Много позже, униженный и несчастный, когда его начнут пытать и насиловать волю, когда в штабе Либавы его станут бить палкой по голове, когда адмирал Сушон пожелает лично увидеть Артеньева и будет кричать на него, хамски выпуская в лицо старлейту дым стамбульской пахитосы, – вот тогда Сергей Николаевич уяснит для себя главное: жизнь не была прожита напрасно – он достиг попадания в башню флагманского дредноута.

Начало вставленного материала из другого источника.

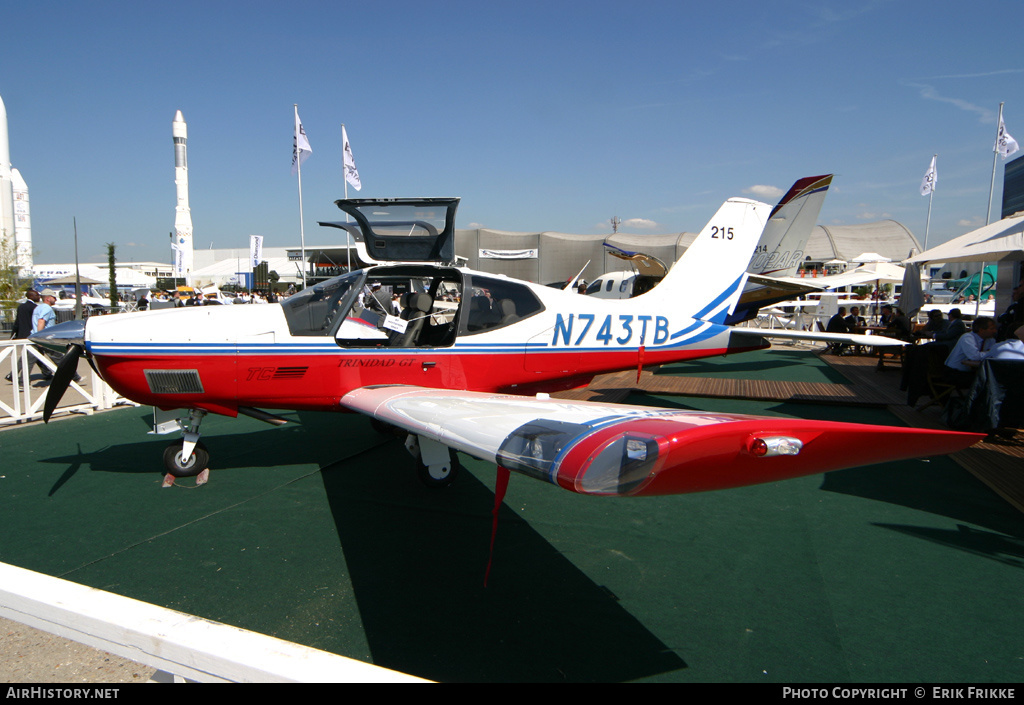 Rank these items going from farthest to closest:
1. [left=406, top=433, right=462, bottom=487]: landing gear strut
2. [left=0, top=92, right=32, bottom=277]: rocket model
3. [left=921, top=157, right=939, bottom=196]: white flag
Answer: [left=0, top=92, right=32, bottom=277]: rocket model → [left=921, top=157, right=939, bottom=196]: white flag → [left=406, top=433, right=462, bottom=487]: landing gear strut

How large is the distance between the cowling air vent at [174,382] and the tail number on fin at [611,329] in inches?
118

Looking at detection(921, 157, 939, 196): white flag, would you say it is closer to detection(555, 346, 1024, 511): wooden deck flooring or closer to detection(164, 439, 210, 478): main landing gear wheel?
detection(555, 346, 1024, 511): wooden deck flooring

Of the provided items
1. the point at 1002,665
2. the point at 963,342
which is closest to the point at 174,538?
the point at 1002,665

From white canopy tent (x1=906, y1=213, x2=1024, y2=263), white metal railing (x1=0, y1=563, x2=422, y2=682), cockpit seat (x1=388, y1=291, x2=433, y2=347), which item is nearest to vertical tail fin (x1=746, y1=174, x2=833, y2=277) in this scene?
white canopy tent (x1=906, y1=213, x2=1024, y2=263)

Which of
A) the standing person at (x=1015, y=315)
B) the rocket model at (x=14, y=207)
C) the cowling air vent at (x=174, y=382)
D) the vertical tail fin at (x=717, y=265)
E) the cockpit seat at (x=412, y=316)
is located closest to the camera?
the cowling air vent at (x=174, y=382)

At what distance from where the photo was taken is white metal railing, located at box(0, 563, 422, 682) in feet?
3.29

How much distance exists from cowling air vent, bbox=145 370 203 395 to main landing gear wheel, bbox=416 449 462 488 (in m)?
1.84

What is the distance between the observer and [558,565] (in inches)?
132

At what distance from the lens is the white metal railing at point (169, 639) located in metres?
1.00

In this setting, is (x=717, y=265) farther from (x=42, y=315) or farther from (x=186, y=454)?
(x=42, y=315)

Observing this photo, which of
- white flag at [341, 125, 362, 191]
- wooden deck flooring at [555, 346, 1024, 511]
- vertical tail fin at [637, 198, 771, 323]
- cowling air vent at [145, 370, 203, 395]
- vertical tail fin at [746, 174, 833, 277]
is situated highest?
→ white flag at [341, 125, 362, 191]

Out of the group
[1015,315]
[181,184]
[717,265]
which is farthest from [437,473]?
[181,184]

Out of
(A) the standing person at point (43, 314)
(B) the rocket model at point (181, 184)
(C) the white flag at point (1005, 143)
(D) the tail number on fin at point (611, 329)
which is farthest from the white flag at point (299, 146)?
(B) the rocket model at point (181, 184)

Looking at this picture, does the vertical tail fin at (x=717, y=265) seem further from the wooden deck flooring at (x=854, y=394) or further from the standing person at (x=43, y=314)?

Этот взрыв сорвал прохождение IV эскадры флота открытого моря, Сушон не прошел в тот день через Ирбены, и русская эскадра в Моонзунде не была разгромлена с той стороны, с какой нападения врага пока не ожидали...

Брест-Литовский мир, подписанный Лениным, вернет Артеньеву свободу и землю отечества под ногами, но душевный надлом трагедии Цереля останется не выправлен на всю жизнь, и Сергей Николаевич обратится к теням прошлого – к миниатюрам... Ах эти миниатюры! Вся жизнь превратится в сплошную миниатюру. Старый, сгорбленный человек, с большою линзой в руках, будет обходить на Невском комиссионные магазины и антиквариаты, чтобы не купить (нет, на это нужны деньги!), а только любоваться сиянием и воздушной прелестью людей, живших задолго до него и даже не знавших, что в России существует такой Моонзунд...

...Одно попадание! А как оно много значило для всего Моонзунда. Ради этого стоило жить и мучиться.